Glass is one of the most widely used building materials in architecture, design, and construction. With its unique structural properties, the material can be modified to produce different types of glass in construction.
Glass is manufactured with different physical properties depending on what it will be used for. Several types of glass in construction vary based on safety, thermal performance, climate, and the visual appearance of the buildings. This post will explain the myriad of glass types so you can make an informed decision about what best suits your building needs.

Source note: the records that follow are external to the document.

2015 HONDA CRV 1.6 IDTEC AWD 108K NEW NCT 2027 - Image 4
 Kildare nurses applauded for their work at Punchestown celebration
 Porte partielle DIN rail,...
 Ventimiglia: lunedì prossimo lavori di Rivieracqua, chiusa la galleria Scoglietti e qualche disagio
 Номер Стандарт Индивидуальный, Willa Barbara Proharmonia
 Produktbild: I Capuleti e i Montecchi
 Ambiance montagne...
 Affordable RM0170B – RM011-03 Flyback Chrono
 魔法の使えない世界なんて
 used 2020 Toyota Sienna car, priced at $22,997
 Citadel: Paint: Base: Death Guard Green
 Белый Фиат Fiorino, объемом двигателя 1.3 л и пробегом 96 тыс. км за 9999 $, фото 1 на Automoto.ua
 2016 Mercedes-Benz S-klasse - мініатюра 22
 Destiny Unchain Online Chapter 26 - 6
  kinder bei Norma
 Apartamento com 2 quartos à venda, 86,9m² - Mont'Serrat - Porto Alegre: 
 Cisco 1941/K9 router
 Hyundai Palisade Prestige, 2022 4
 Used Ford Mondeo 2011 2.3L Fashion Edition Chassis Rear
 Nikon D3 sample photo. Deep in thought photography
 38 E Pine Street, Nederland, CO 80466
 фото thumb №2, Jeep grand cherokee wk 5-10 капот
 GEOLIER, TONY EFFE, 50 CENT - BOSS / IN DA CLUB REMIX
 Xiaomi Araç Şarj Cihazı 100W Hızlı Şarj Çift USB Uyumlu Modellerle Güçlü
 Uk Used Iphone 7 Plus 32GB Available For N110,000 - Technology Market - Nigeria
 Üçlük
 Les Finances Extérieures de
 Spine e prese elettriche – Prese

Base Glass – Tempered/Toughened Glass – Heat Strengthened Glass – Laminated Glass – Glass with Ceramic Frit – Low Iron Glass – Body Tinted Glass – Insulated Glass
Base glass consists of annealed float glass and ornamental glass. Float glass is the most basic glazing available internationally, making up to 90% of the base glass.
In the float glass production process, a hot steady layer of molten glass is discharged from a furnace into a huge shallow bath of molten tin. The glass floats and cools on the metal tin and expands to produce a flat surface. Rollers are laid across the glass to stretch and create a thinner glass surface.
Float glass has a maximum dimension of 6.0X3.2mm. The typical breaking strength of annealed float glass is 45N/mm2. Its standard thickness varies between 4,5,6,8,10,12,15,19 mm.
The float glass process produces high-quality structural glass for construction purposes.
727 West Madison Project
Tempered glass is about 2.5 times stronger than standard glass of the same thickness in terms of physical or thermal shock. It is typically used for safety and strength. The glass is heated to a uniform temperature and instantly cooled to strengthen the glass. This makes the inner core of the glass stay fluid longer than the outer surface layer, which allows an equivalent amount of tensile prestress in the core and compressive prestress in the surface layer to be formed. The compressive prestress on the surface is preventing existing microcracks from growing thus making tempered glass stronger than normal glass. The common maximum dimension is 4.0 x 2.4m. The glass thickness is typically 4,5,6,8,10,12,15, or 19mm.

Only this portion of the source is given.